Andy Matuschak re: Vision Pro

Created

Jun 14, 2023 1:38 AM

Paradigm

Given how ambitious the hardware package is, the software paradigm is surprisingly conservative. visionOS is organized around “apps”, which are conceptually defined just like apps on iOS:

to perform an action, you launch an app which affords that activity; no attempt is made to move towards finer-grained “activity-oriented computing”
apps present interface content, which is defined on a per-app basis; app interfaces cannot meaningfully interact, with narrow carve-outs for channels like drag-and-drop
(inferred) apps act as containers for files and documents; movement between those containers is constrained

I was surprised to see that the interface paradigm is classic WIMP. At a high level, the pitch is not that this is a new kind of dynamic medium, but rather that Vision Pro gives you a way to use (roughly) 2D iPad app UIs on a very large, spatial display. Those apps are organized around familiar UIKit controls and layouts. We see navigation controllers, split views, buttons, text fields, scroll views, etc, all arranged on a 2D surface (modulo some 3D lighting and eye tracking effects). Windows, icons, menus, and even a pointer (more on that later).

These 2D surfaces are in turn arranged in a “Shared Space”, which is roughly the new window manager. My impression is that the shared space is arranged cylindrically around the user (moving with them?), with per-window depth controls, but I’m not yet sure of that. An app can also transition into “Full Space”, which is roughly like “full screening” an app on today’s OSes.

In either mode, an app can create a “volume” instead of a “window”. We don’t see much of this yet: the Breathe app spreads into the room; panoramas and 3D photography is displayed spatially; a CAD app displays a model in space; an educational app displays a 3D heart. visionOS’s native interface primitives don’t make use of a volumetric paradigm, so anything we see here will be app/domain-specific (for now).

Input

For me, the most interesting part of visionOS is the input part of the interaction model. The core operation is still pointing. On NLS and its descendants, you point by indirect manipulation: moving a cursor by translating a mouse or swiping a trackpad, and clicking. On the iPhone and its descendants, you point by pointing. Direct manipulation became much more direct, though less precise; and we lost “hover” interactions. On Vision Pro and its descendants, you point by looking, then “clicking” your bare fingers, held in your lap.

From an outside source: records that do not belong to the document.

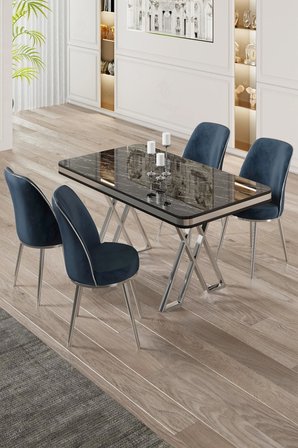 Vals Serisi 80x130 Lak Panel Siyah Mermer Desen Masa Takımı Krom Ayaklı 4 Antrasit Sandalye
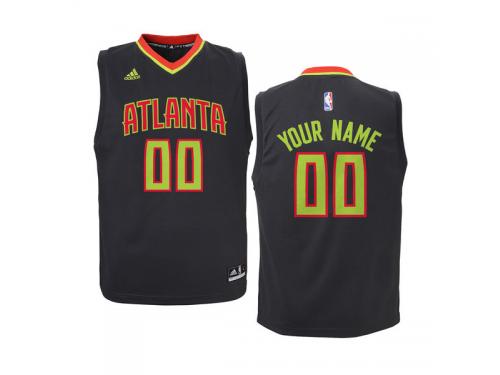 Atlanta Hawks adidas Youth Custom Road Jersey - Black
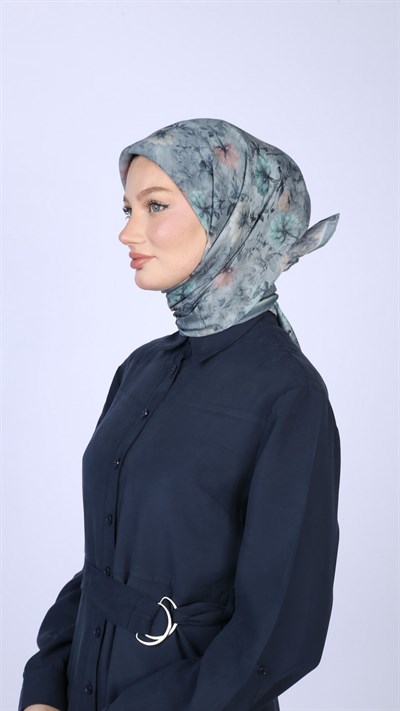 MYSTİC BLOOM DESEN EŞARP MAVİ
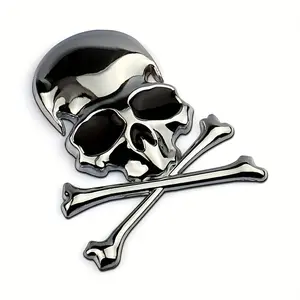 Car Metal Skull Head Decal, Decal For Cars, Body Sticker, Premium Skull Stickers, Ghost Head Emblem, 3D Car Tail Decoration, Customization Accessory, Unique Design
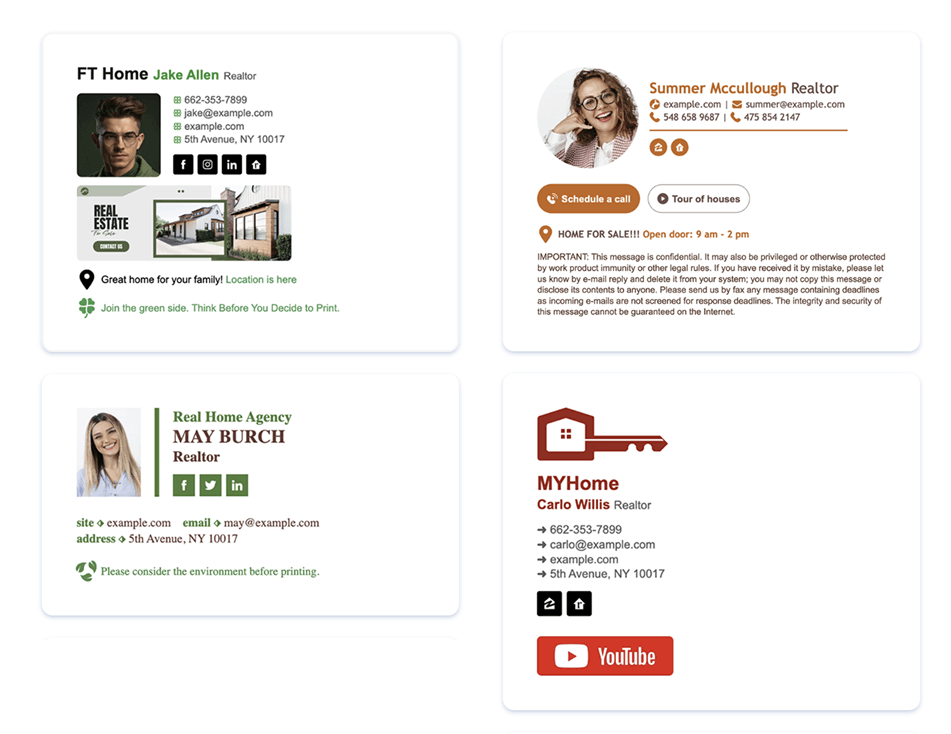 Email Signatures Example for Realtors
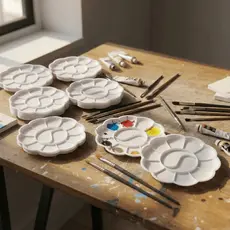 Kit 10 Godê Pintura Flor 12 Cavidades Plástico Resistente Material Escolar Atacado Crianças Aulas Arte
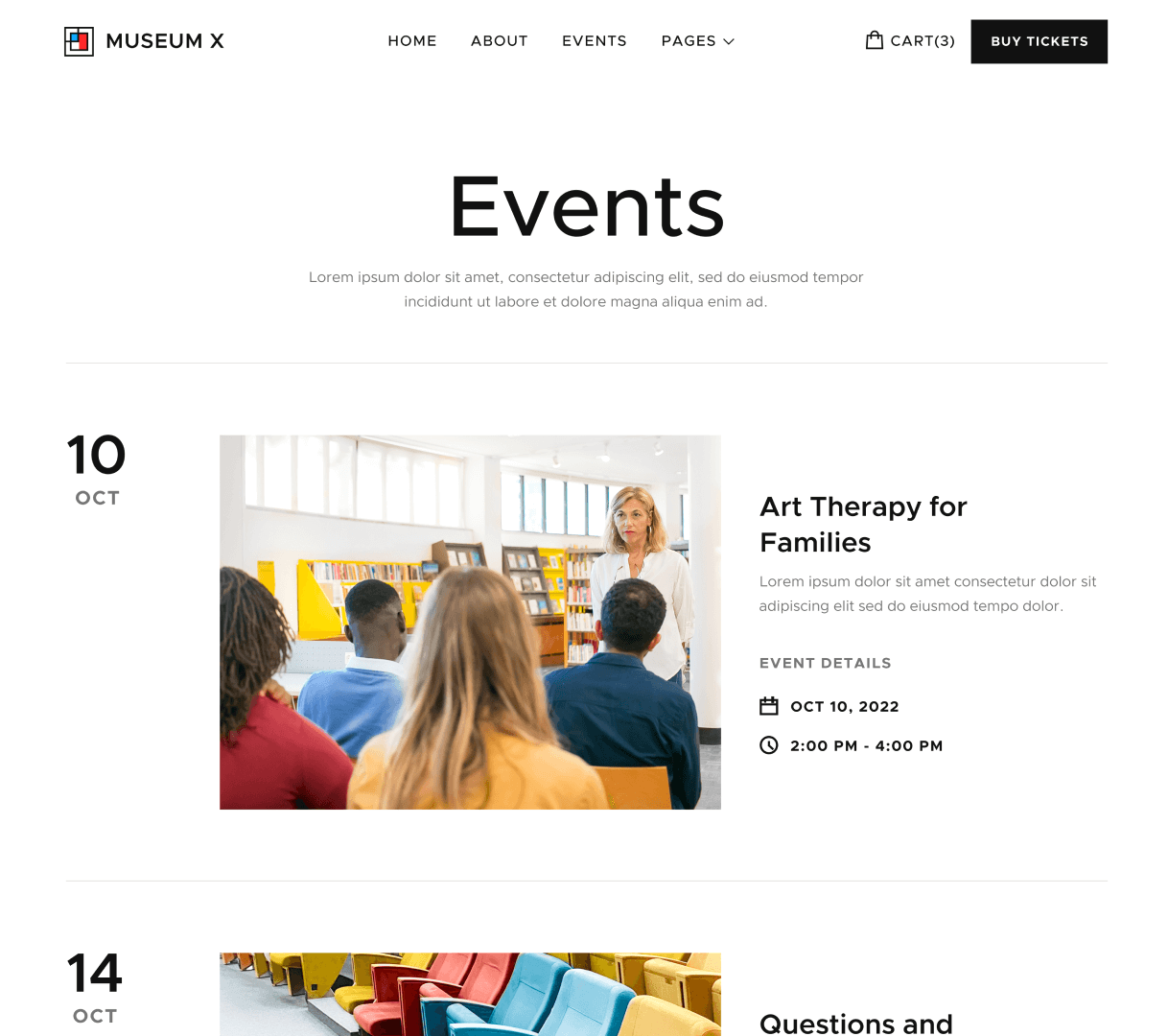 Events - Museum X Webflow Template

Sure, I’ve seen this in plenty of academic papers, but it’s quite wild to see it so central to a production device. There are other VR/AR devices which feature eye tracking, but (AFAIK) all still ship handheld controllers or support gestural pointing. Apple’s all in on foveation as the core of their input paradigm, and it allows them to produce a controller-free default experience. It reminds me of Steve’s jab at styluses at the announcement of the iPhone.

My experiences with hand tracking-based VR interfaces have been uniformly unpleasant. Without tactile feedback, the experience feels mushy and unreliable. And it’s uncomfortable after tens of seconds (see also Bret’s comments). The visionOS interaction model dramatically shifts the role of the hands. They’re for basically-discrete gestures now: actuate, flick. Hands no longer position the pointer; eyes do. Hands are the buttons and scroll wheel on the mouse. Based on my experiences with hand-tracking systems, this is a much more plausible vision for the use of hands, at least until we get great haptic gloves or similar.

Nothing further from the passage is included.